ASRB Authority

Per University Policy 1307: Procurement and/or Development of Administrative Systems/Applications, all procurement and/or development of administrative systems/applications must be reviewed and approved by the Architectural Standards Review Board (ASRB) in advance of purchase or development so the university may verify compliance with federal, state, and university policies, eliminate duplication, and ensure compatibility with existing systems. Proposed additions of administrative systems/applications that are not deemed appropriate by the ASRB will not be approved for purchase, development, or implementation by any university unit.

The following are links to sections on this webpage:

For questions, please contact the ASRB via email at asrb@gmu.edu.

Data & Regulated Data Defined

Data Definition

Data is defined as information processed, transmitted, and/or stored by a computer.
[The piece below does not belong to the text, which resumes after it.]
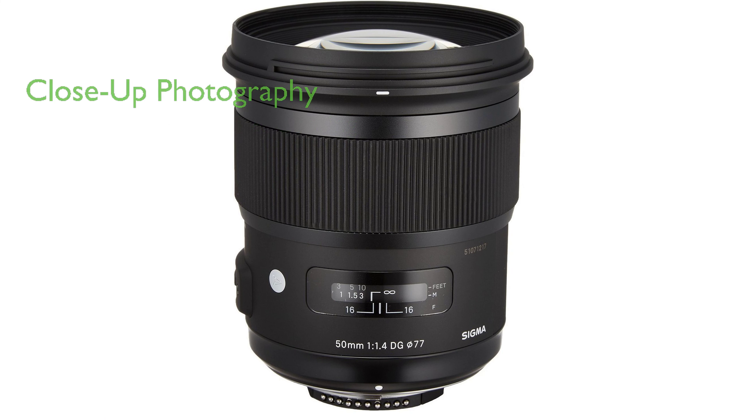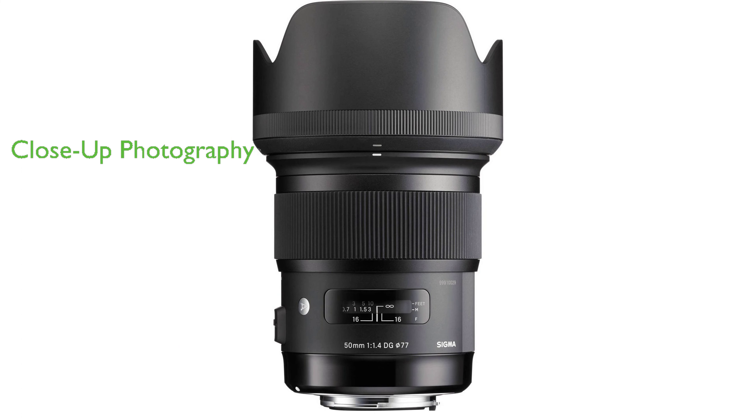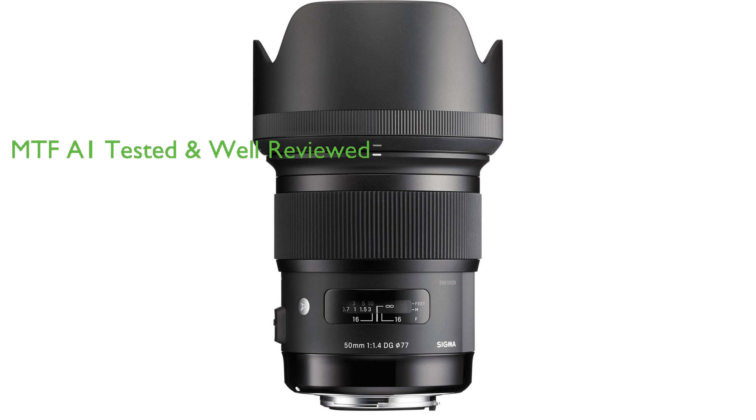Despite its extensive features, the Sigma 50mm f1.4 ArtDG HSM manages close-up photography with a minimum focusing distance of 40 centimeters. This lens, tested with MTF-A1, is priced at $799 and has received a review score of 4.5 from 373 reviews, confirming it as a high-quality product in the market.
Data is typically stored in the following forms, but not limited to:

  • documents
  • images
  • audio and video files
  • software

Data may be stored locally on a hard drive, on a server, or in the cloud.

Data may contain sensitive personal information that is regulated by university policy, state and federal regulations and laws. Policies are listed below.

Regulated Data Definition

Regulated data is any data or software element regulated by state/federal law, university policy, or other entity that the university is bound to comply with (contracts, agreements, etc.). Further, all software requests should be reviewed by the ASRB to determine if any data or software element is regulated by state/federal law, university policy, or other entity that the university is bound to comply with (contracts, agreements, etc.).
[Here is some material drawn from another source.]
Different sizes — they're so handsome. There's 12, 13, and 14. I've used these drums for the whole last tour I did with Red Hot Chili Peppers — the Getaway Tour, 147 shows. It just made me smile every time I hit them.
The following constitutes regulated data. A system, in this context, refers to software or multiple software/hardware components working together as a single process.
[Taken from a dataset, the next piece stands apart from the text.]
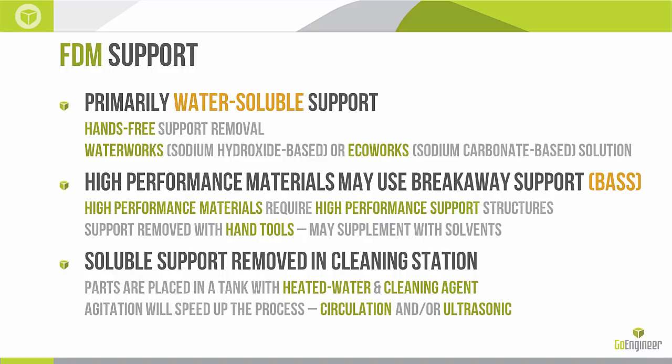Some of the more high-performance materials are going to use breakaway supports, or what we call BATS — breakaway support structures. These higher-performance materials print in a more stringent, higher-heat environment and our soluble supports just aren't up to the task, so we have corresponding support materials that can withstand that heat. These support materials are generally removed manually using hand tools like pliers and picks, and we will sometimes supplement this with solvents — something like acetone can embrittle an Ultem support and help us remove it.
  • A system that uses extracted data or information from a Mason owned system.
  • A system that uses Mason authentication (NetID and password).
  • A system that contains sensitive information (from Mason or captured by the software).
  • A system that will be installed on Mason's networks, specifically in a secured network zone or zone containing sensitive systems or data.
  • A system with a GUI  must meet accessibility standards and comply with all accessibility policies, rules, regulations, and laws.
  • A system with other integration with Mason owned systems.
  • A system with restrictions around import/export control.
  • A system requiring ITS resources and/or services.